Is this the end of a democratic wave ushered in by the Arab Spring and the Responsibility to Protect doctrine that the international community applied to Libyan leader Muammar el-Qaddafi’s threatened massacre of his citizens?

Published accounts estimate more than 9,000 people have fallen in the Syrian unrest, with thousands wounded and displaced while others linger in government prisons. By failing to stop this, is the global community complicit?

When this new century began, new thinking emerged about ways the community should respond to governments that turn on their people.


In 2005, the global community agreed that the time for change had arrived. The World Summit — the largest gathering of leaders in history at a plenary meeting of the UN General Assembly – endorsed the Canada-sponsored Responsibility to Protect initiative that called upon the international community to use diplomatic, humanitarian and, through the Security Council, collective action — namely, force — to protect populations from “genocide, war crimes, ethnic cleansing and crimes against humanity,” and asked the General Assembly to consider the matter more fully.


As in Libya, the Arab League took the lead to push back. (…) The United States, the European Community and others joined in exercising diplomatic and economic sanctions. Collectively, these measures suggested that R2P indeed was alive. But they proved insufficient to halt the violence.

Both China and Russia vetoed a watered-down version of the Libya resolution. (…) In Moscow’s case it is not simply its long-supportive relationship with the Assad regime, which allows it to port its Mediterranean fleet in Tartus. Rather — and this applies to China as well — the Kremlin undoubtedly fears that extending R2P to Syria could blow back someday. After all, the authoritarian rulers in Moscow and Beijing fear future serious domestic tensions at home. They would like to prevent any precedent for international intervention in their domestic situation.

Does this pull the rug from R2P in Syria? Not really. The doctrine’s authors anticipated council roadblocks and concluded that in the event that the body failed to “discharge its responsibility in conscience-shocking situations crying out for action, then it is unrealistic to expect that concerned states will rule out other means and forms of action to meet the gravity and urgency of these situations.”

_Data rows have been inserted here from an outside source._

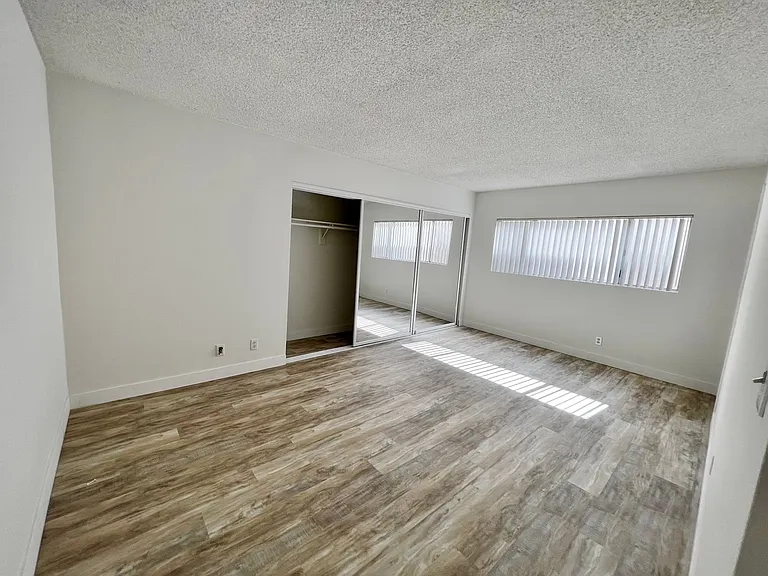 can372 — Photo 23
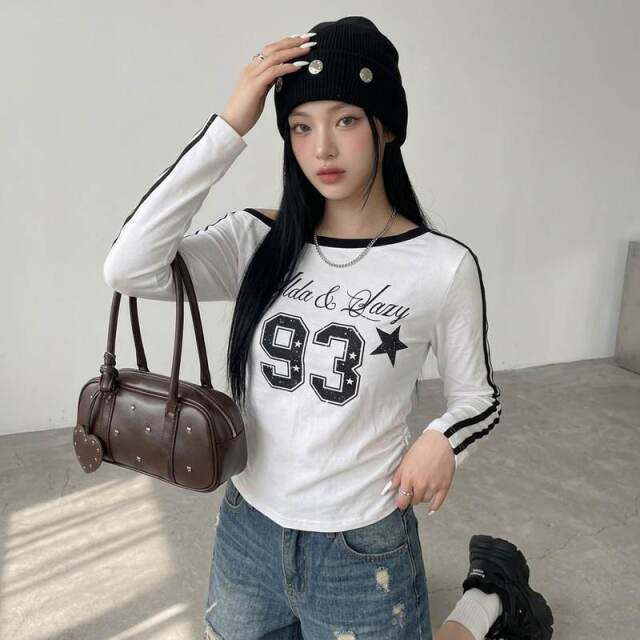 ラインオフショルダーTシャツ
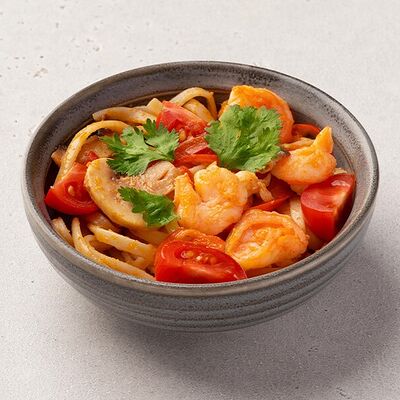 Wok M Том ям с креветками в Сакура по цене 479 ₽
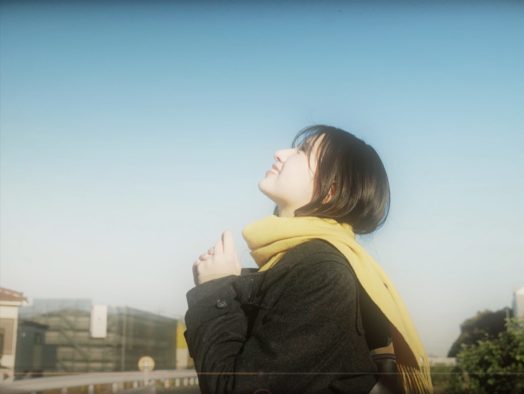 沖縄出身の女子高生シンガーあずさ、気鋭の写真家・沈小月が監督した初のMV公開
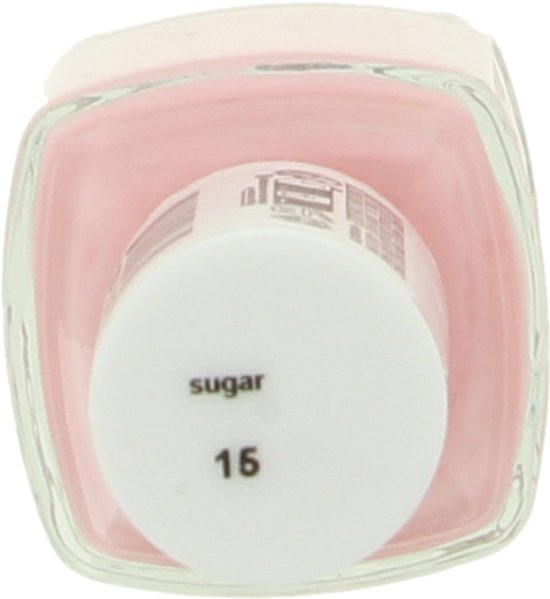 Essie nagellak "Sugar Daddy" 15, een lichtroze glanzende kleur in een glazen flesje.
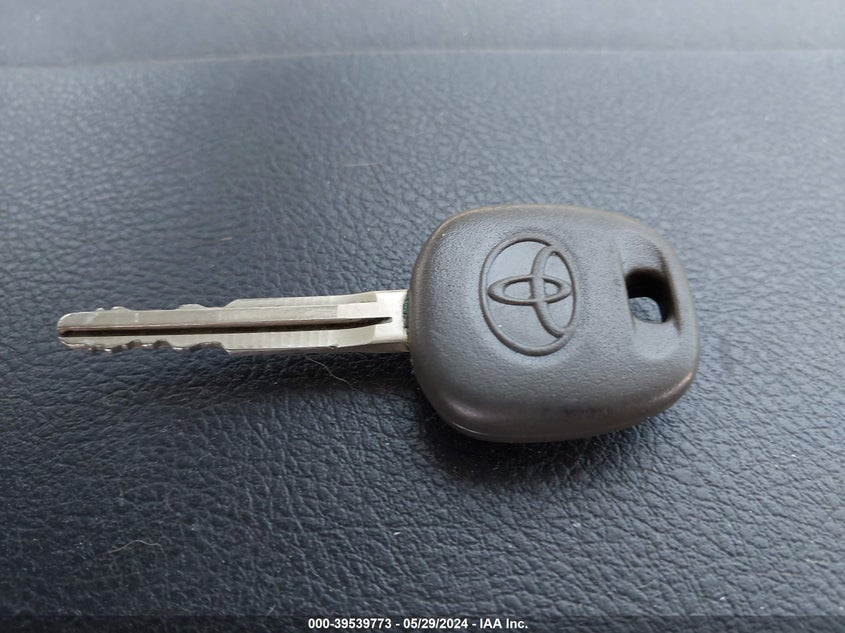 2015 Toyota Camry Se VIN: 4T1BF1FK4FU081135 Lot: 39539773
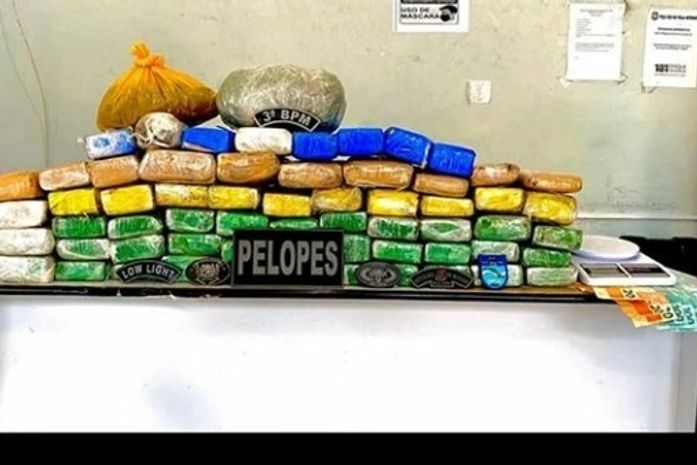 Após denúncia, polícia encontra mais de 50 Kg de maconha escondidos em residência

The “other means” do not require repetition of the Libya intervention. Neither the West nor the Arab League has the stomach to mire themselves in the potential quagmire that Syria’s sectarian and ethnic divisions pose. Rather, Syria requires that the league and allies apply a more nuanced approach in addition to enforcement and strengthening of economic and diplomatic sanctions.

There remain modest R2P steps much of the international community can endorse to stop the slaughter. First, the league should restate its Jan. 22 call for Assad to step down to include other key ruling members. After all, any regime is more than its leader.

Second, Syria’s foreign opponents should take to the airwaves to offer amnesty to Syrian forces who lay down arms or defect to the rebel side by a specified date to avoid prosecution for crimes against humanity.

Third, Syria’s armed resisters should receive military aid and training sufficient to combat the government’s infantry, armor and helicopters.

Fourth, the United States and others must lobby Russia and China to support R2P, impressing that they are on the wrong side of history with consequences that will diminish their political and economic interests in the region for years.

Fifth, foreign mediators should help mold the divided Syrian opposition into a united, internationally recognized interim government-in-waiting prepared to lay the foundation for legislative elections and constitution building — learning from the difficulties in Libya and Egypt — for a new democratic Syria once the current government falls.

Successful application of R2P will send a message: For governments that murder their people to stay in power, the international community will ensure that the survivor will be not the regime, but the people.